Brief descriptive captions:
Start of Block
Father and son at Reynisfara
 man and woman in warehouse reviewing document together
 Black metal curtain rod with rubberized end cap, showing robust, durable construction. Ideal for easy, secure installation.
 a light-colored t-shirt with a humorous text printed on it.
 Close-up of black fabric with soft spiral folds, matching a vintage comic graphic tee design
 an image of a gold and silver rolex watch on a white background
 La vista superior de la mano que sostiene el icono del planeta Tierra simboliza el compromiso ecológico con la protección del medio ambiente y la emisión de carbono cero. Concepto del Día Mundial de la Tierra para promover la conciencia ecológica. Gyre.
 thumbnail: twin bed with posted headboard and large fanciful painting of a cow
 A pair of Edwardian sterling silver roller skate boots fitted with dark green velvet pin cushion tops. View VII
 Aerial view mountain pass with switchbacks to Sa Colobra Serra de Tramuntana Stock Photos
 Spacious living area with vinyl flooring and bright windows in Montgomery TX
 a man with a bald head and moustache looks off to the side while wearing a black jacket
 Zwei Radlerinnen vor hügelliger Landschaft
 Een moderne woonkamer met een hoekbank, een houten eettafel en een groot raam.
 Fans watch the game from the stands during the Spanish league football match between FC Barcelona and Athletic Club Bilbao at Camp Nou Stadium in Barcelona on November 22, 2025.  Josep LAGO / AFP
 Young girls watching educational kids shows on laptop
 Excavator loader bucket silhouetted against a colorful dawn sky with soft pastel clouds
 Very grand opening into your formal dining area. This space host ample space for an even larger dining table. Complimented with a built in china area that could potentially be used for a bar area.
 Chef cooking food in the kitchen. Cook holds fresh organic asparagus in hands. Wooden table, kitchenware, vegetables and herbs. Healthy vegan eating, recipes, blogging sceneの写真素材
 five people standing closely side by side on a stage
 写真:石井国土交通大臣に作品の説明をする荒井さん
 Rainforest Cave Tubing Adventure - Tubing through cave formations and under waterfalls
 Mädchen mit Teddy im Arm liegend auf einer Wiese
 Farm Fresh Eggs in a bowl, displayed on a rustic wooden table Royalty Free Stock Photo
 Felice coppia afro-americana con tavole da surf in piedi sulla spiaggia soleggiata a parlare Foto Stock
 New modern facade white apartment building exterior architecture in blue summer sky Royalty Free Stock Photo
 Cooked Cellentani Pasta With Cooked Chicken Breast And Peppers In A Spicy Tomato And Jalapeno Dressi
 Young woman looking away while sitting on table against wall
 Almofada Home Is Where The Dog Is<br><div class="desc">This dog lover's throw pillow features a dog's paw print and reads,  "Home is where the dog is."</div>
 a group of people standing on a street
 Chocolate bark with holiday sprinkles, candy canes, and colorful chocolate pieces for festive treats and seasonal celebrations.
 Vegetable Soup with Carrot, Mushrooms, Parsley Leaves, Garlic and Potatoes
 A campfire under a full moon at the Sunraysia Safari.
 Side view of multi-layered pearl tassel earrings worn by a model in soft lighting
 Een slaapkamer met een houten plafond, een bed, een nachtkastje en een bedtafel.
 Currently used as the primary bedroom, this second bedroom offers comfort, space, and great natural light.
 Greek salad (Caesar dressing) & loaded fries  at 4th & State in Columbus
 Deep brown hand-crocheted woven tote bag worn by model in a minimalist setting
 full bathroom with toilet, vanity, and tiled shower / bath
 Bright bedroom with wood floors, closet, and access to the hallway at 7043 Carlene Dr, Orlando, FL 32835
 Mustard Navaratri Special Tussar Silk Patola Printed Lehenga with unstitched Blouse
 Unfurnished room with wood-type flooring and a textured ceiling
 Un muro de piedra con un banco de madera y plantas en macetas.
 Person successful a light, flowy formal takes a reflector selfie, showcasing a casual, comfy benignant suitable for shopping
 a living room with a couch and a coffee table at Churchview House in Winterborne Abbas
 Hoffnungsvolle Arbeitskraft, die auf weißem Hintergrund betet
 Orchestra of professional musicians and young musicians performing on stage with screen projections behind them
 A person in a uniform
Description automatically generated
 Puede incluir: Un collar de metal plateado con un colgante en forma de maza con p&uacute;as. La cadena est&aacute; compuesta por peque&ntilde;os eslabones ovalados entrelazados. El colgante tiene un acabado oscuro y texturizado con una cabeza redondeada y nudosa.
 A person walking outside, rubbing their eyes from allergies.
End of Block
The answer should contain every line of the data, unchanged.

Father and son at Reynisfara
 man and woman in warehouse reviewing document together
 Black metal curtain rod with rubberized end cap, showing robust, durable construction. Ideal for easy, secure installation.
 a light-colored t-shirt with a humorous text printed on it.
 Close-up of black fabric with soft spiral folds, matching a vintage comic graphic tee design
 an image of a gold and silver rolex watch on a white background
 La vista superior de la mano que sostiene el icono del planeta Tierra simboliza el compromiso ecológico con la protección del medio ambiente y la emisión de carbono cero. Concepto del Día Mundial de la Tierra para promover la conciencia ecológica. Gyre.
 thumbnail: twin bed with posted headboard and large fanciful painting of a cow
 A pair of Edwardian sterling silver roller skate boots fitted with dark green velvet pin cushion tops. View VII
 Aerial view mountain pass with switchbacks to Sa Colobra Serra de Tramuntana Stock Photos
 Spacious living area with vinyl flooring and bright windows in Montgomery TX
 a man with a bald head and moustache looks off to the side while wearing a black jacket
 Zwei Radlerinnen vor hügelliger Landschaft
 Een moderne woonkamer met een hoekbank, een houten eettafel en een groot raam.
 Fans watch the game from the stands during the Spanish league football match between FC Barcelona and Athletic Club Bilbao at Camp Nou Stadium in Barcelona on November 22, 2025.  Josep LAGO / AFP
 Young girls watching educational kids shows on laptop
 Excavator loader bucket silhouetted against a colorful dawn sky with soft pastel clouds
 Very grand opening into your formal dining area. This space host ample space for an even larger dining table. Complimented with a built in china area that could potentially be used for a bar area.
 Chef cooking food in the kitchen. Cook holds fresh organic asparagus in hands. Wooden table, kitchenware, vegetables and herbs. Healthy vegan eating, recipes, blogging sceneの写真素材
 five people standing closely side by side on a stage
 写真:石井国土交通大臣に作品の説明をする荒井さん
 Rainforest Cave Tubing Adventure - Tubing through cave formations and under waterfalls
 Mädchen mit Teddy im Arm liegend auf einer Wiese
 Farm Fresh Eggs in a bowl, displayed on a rustic wooden table Royalty Free Stock Photo
 Felice coppia afro-americana con tavole da surf in piedi sulla spiaggia soleggiata a parlare Foto Stock
 New modern facade white apartment building exterior architecture in blue summer sky Royalty Free Stock Photo
 Cooked Cellentani Pasta With Cooked Chicken Breast And Peppers In A Spicy Tomato And Jalapeno Dressi
 Young woman looking away while sitting on table against wall
 Almofada Home Is Where The Dog Is<br><div class="desc">This dog lover's throw pillow features a dog's paw print and reads,  "Home is where the dog is."</div>
 a group of people standing on a street
 Chocolate bark with holiday sprinkles, candy canes, and colorful chocolate pieces for festive treats and seasonal celebrations.
 Vegetable Soup with Carrot, Mushrooms, Parsley Leaves, Garlic and Potatoes
 A campfire under a full moon at the Sunraysia Safari.
 Side view of multi-layered pearl tassel earrings worn by a model in soft lighting
 Een slaapkamer met een houten plafond, een bed, een nachtkastje en een bedtafel.
 Currently used as the primary bedroom, this second bedroom offers comfort, space, and great natural light.
 Greek salad (Caesar dressing) & loaded fries  at 4th & State in Columbus
 Deep brown hand-crocheted woven tote bag worn by model in a minimalist setting
 full bathroom with toilet, vanity, and tiled shower / bath
 Bright bedroom with wood floors, closet, and access to the hallway at 7043 Carlene Dr, Orlando, FL 32835
 Mustard Navaratri Special Tussar Silk Patola Printed Lehenga with unstitched Blouse
 Unfurnished room with wood-type flooring and a textured ceiling
 Un muro de piedra con un banco de madera y plantas en macetas.
 Person successful a light, flowy formal takes a reflector selfie, showcasing a casual, comfy benignant suitable for shopping
 a living room with a couch and a coffee table at Churchview House in Winterborne Abbas
 Hoffnungsvolle Arbeitskraft, die auf weißem Hintergrund betet
 Orchestra of professional musicians and young musicians performing on stage with screen projections behind them
 A person in a uniform
Description automatically generated
 Puede incluir: Un collar de metal plateado con un colgante en forma de maza con p&uacute;as. La cadena est&aacute; compuesta por peque&ntilde;os eslabones ovalados entrelazados. El colgante tiene un acabado oscuro y texturizado con una cabeza redondeada y nudosa.
 A person walking outside, rubbing their eyes from allergies.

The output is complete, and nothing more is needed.